Il relatore Zdizslaw Krasnodebski (ECR, PL) ha rilasciato una dichiarazione subito dopo la conclusione dei lavori: “Credo che il Fondo Europeo per la Difesa sarà di supporto per sviluppare in sinergia prodotti di difesa e tecnologie grazie alla cooperazione delle industrie di Difesa provenienti da differenti Stati Membri, anche quelli finora non coinvolti nell’iniziativa.

Grazie all’EDF, non solo potremo prevenire uno spreco di denaro dei contribuenti, dovuto a una superflua duplicazione delle capacità di Difesa, ma, ancor di più, incrementeremo la sicurezza europea creando anche nuove opportunità lavorative nelle industrie del Comparto”.

Anche se la Difesa Europea è e sarebbe altro rispetto alla pur necessaria, più che mai per il nostro Paese, cooperazione nella ricerca, nella produzione industriale e nella cooperazione finanziaria, il proposito di fondo che sostiene l’istituzione del Fondo Europeo della Difesa, fin dalla sua prima ‘versione’, è senza dubbio lodevole (“un uso più ragionevole e più efficace delle risorse delle singole Nazioni europee in ambito difesa”).

Mi sembra poi apprezzabile che il documento approvato nella sessione di ieri faccia il punto sulla titolarità dell’erogazione e della gestione dei Fondi: si auspica in tal senso un maggiore coinvolgimento della Commissione Europea, che dovrebbe – articolo 15 bis – provvedere a una ‘gestione diretta’ dell’attuazione del Fondo, in modo da massimizzarne l’efficacia e l’efficienza e garantire piena coerenza con le altre iniziative dell’Unione, particolarmente alla luce del PADR e dell’EDIDIP2.
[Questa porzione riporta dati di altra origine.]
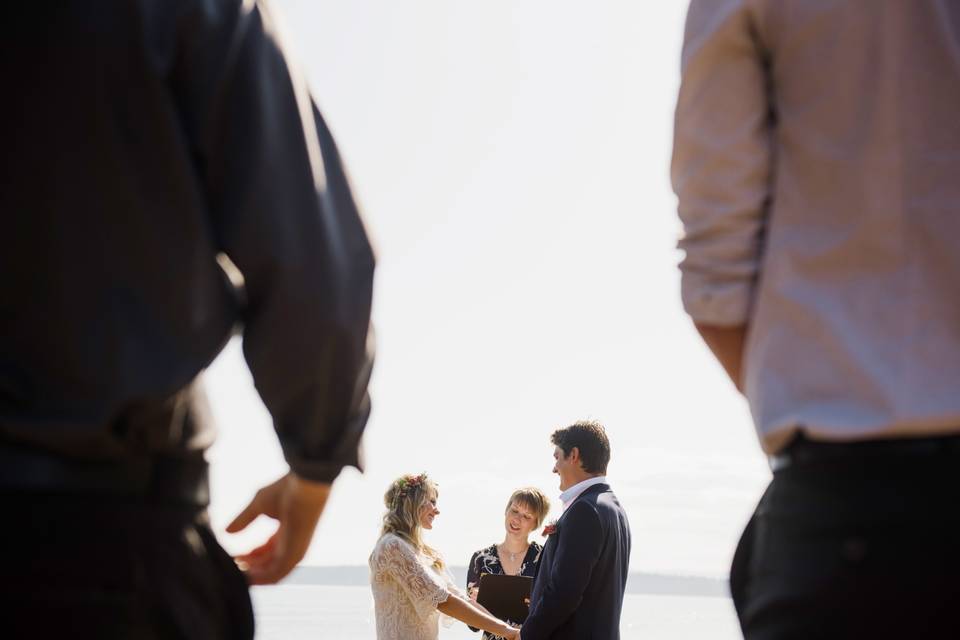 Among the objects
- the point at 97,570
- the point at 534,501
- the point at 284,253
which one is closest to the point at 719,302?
the point at 284,253

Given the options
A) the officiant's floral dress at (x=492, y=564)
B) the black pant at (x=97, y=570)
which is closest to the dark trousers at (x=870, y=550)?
the black pant at (x=97, y=570)

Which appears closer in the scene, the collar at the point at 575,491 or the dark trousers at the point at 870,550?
the dark trousers at the point at 870,550

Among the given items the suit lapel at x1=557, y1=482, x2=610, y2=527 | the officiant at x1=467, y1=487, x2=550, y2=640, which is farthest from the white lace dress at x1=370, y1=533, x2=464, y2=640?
the officiant at x1=467, y1=487, x2=550, y2=640

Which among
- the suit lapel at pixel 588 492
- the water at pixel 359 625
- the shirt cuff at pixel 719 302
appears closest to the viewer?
the shirt cuff at pixel 719 302

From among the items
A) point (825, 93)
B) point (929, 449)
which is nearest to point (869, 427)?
point (929, 449)

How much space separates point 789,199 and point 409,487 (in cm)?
404

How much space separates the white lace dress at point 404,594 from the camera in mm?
5012

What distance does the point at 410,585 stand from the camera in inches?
197

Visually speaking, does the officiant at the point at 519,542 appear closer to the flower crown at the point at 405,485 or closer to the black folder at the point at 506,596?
the black folder at the point at 506,596

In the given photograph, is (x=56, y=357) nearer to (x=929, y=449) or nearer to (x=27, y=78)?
(x=27, y=78)

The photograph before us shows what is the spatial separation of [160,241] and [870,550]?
857 mm

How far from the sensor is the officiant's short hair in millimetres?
6156

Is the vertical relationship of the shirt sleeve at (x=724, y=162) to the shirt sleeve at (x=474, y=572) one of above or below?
above

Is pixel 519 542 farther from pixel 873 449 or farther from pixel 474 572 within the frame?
pixel 873 449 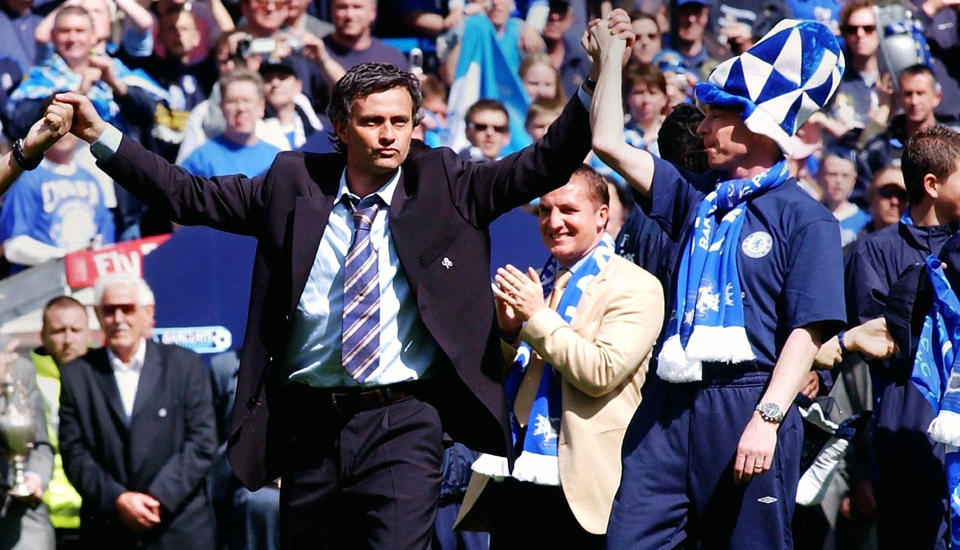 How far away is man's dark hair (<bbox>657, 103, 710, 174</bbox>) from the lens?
23.4ft

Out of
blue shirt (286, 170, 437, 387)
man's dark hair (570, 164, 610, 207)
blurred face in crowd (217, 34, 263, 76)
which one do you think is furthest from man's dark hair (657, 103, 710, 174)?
blurred face in crowd (217, 34, 263, 76)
In continuità con l’EDF (edizione del giugno 2017), tenuto conto dell’esperienza maturata con la Preparatory Action on Defence Research (2017-2019) e con l’implementazione dell’EDIDP (EU Defence Industrial Development Programme) Regulation (2019-2020), le Istituzioni europee hanno voluto confermare l’impegno “finanziario” per il settore Difesa con la proposta di EDF (2021-2027) rilasciata il 13 giugno 2018.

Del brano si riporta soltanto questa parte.